== Required work ==
Using only the entries below, copy exactly the lines that begin at the one with "En Venta: $715,000" and end at the one with "Erkek Slim Fit", both included. Drop the pictures.

== Record set ==
- Opening Delimiter -

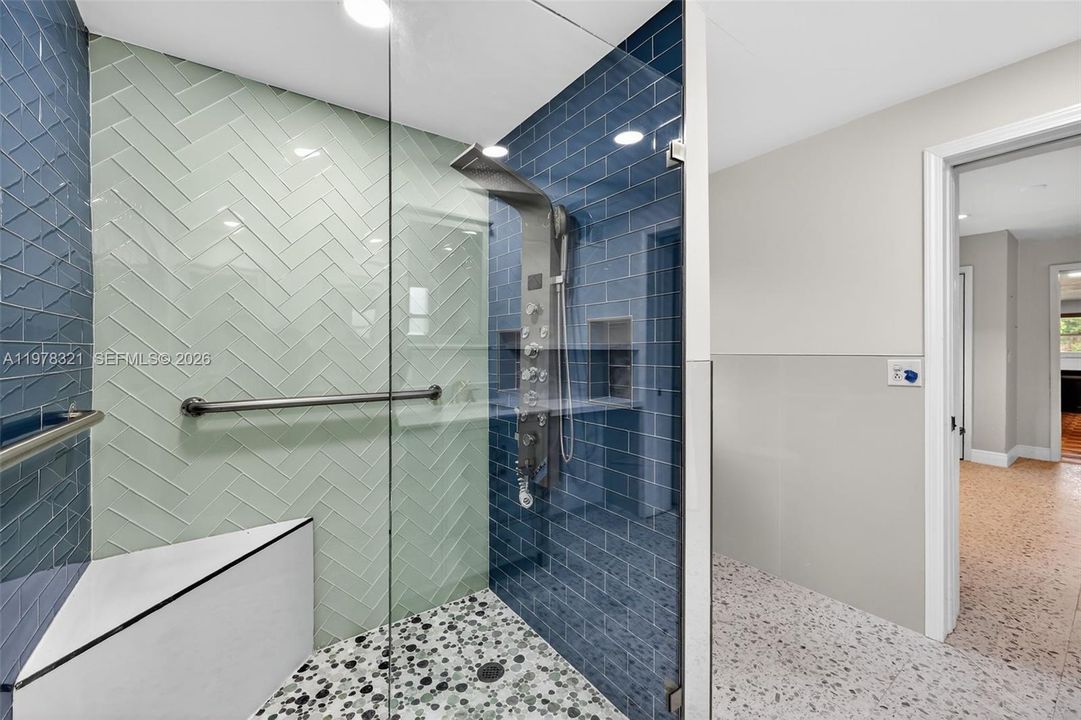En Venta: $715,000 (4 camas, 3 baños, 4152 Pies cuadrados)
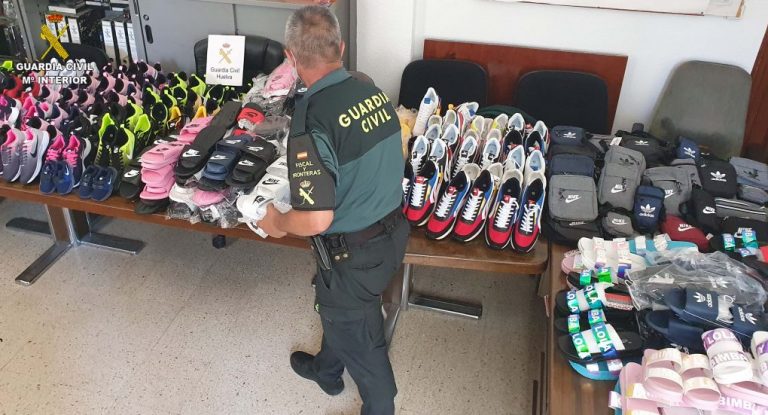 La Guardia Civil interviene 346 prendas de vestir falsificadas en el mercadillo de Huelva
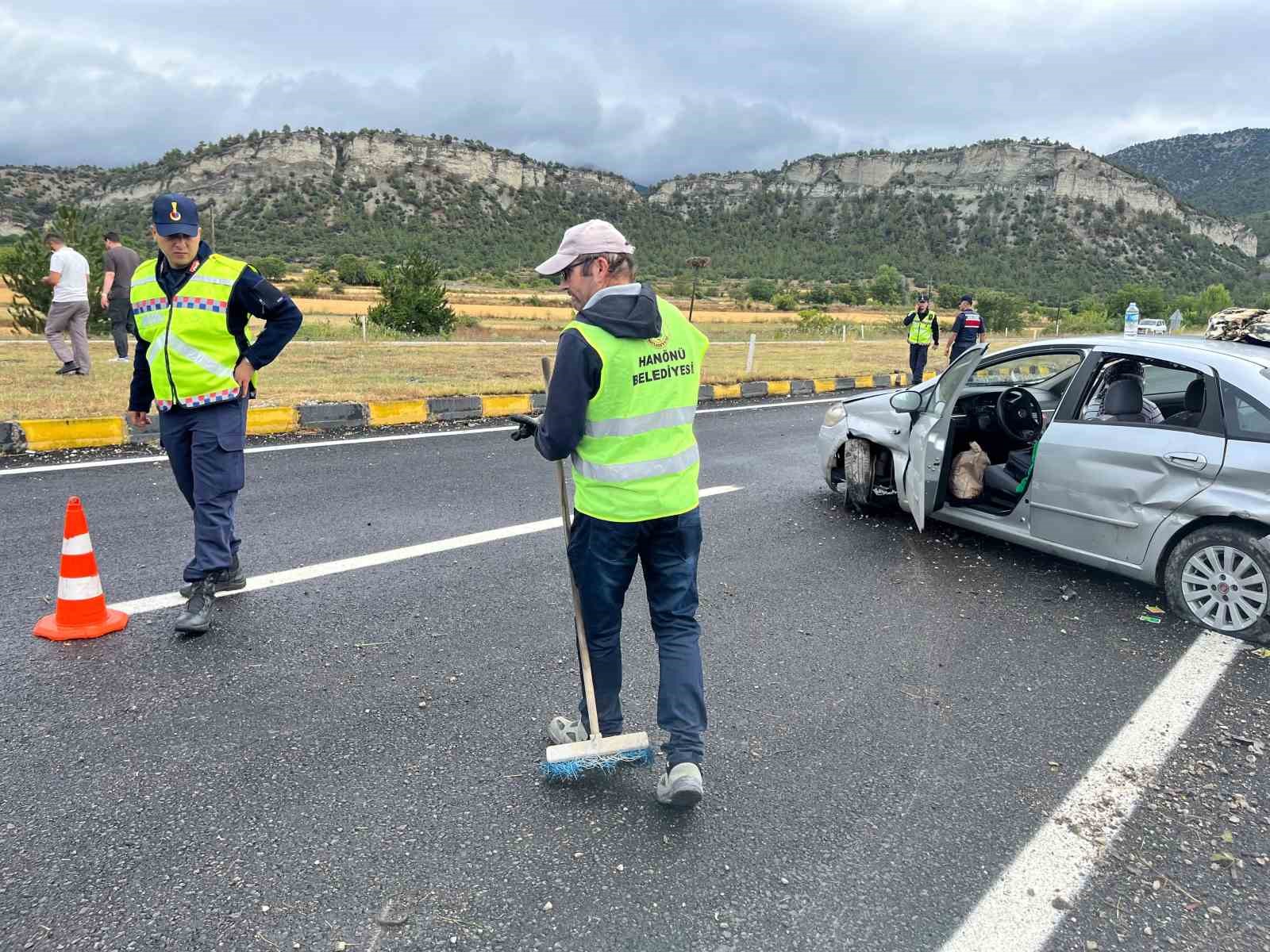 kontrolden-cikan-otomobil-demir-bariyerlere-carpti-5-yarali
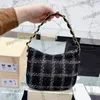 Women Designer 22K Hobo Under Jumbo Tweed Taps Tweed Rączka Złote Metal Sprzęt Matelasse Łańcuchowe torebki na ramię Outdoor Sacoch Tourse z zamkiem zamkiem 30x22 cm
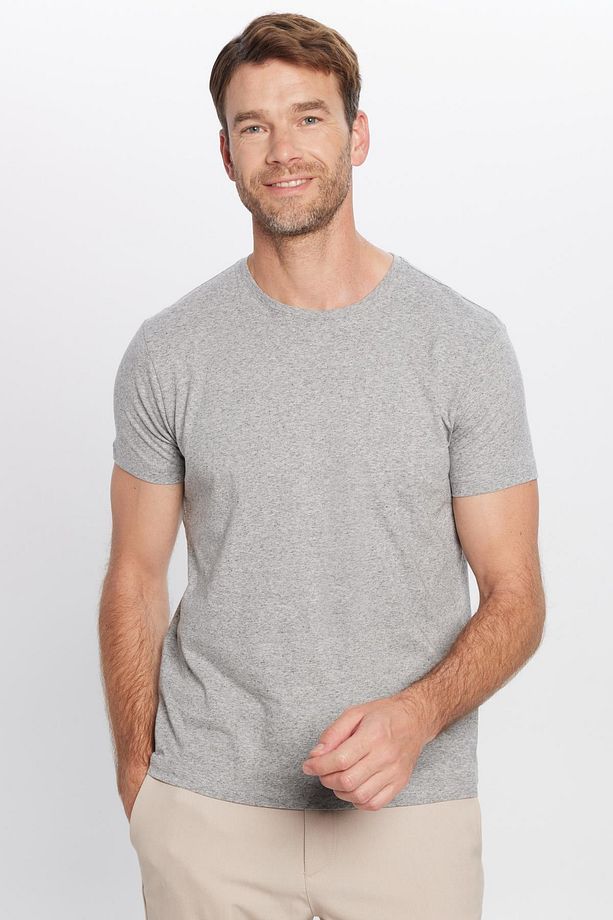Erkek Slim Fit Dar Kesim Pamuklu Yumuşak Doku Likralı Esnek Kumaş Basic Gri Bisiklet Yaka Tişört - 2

- Closing Delimiter -
- Opening Delimiter -

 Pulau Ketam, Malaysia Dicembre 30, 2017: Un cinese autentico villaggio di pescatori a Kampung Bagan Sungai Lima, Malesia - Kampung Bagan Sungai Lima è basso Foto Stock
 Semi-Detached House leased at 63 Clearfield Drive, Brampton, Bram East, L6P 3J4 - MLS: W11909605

- Closing Delimiter -

== Task output ==
En Venta: $715,000 (4 camas, 3 baños, 4152 Pies cuadrados)
 La Guardia Civil interviene 346 prendas de vestir falsificadas en el mercadillo de Huelva
 kontrolden-cikan-otomobil-demir-bariyerlere-carpti-5-yarali
 Women Designer 22K Hobo Under Jumbo Tweed Taps Tweed Rączka Złote Metal Sprzęt Matelasse Łańcuchowe torebki na ramię Outdoor Sacoch Tourse z zamkiem zamkiem 30x22 cm
Erkek Slim Fit Dar Kesim Pamuklu Yumuşak Doku Likralı Esnek Kumaş Basic Gri Bisiklet Yaka Tişört - 2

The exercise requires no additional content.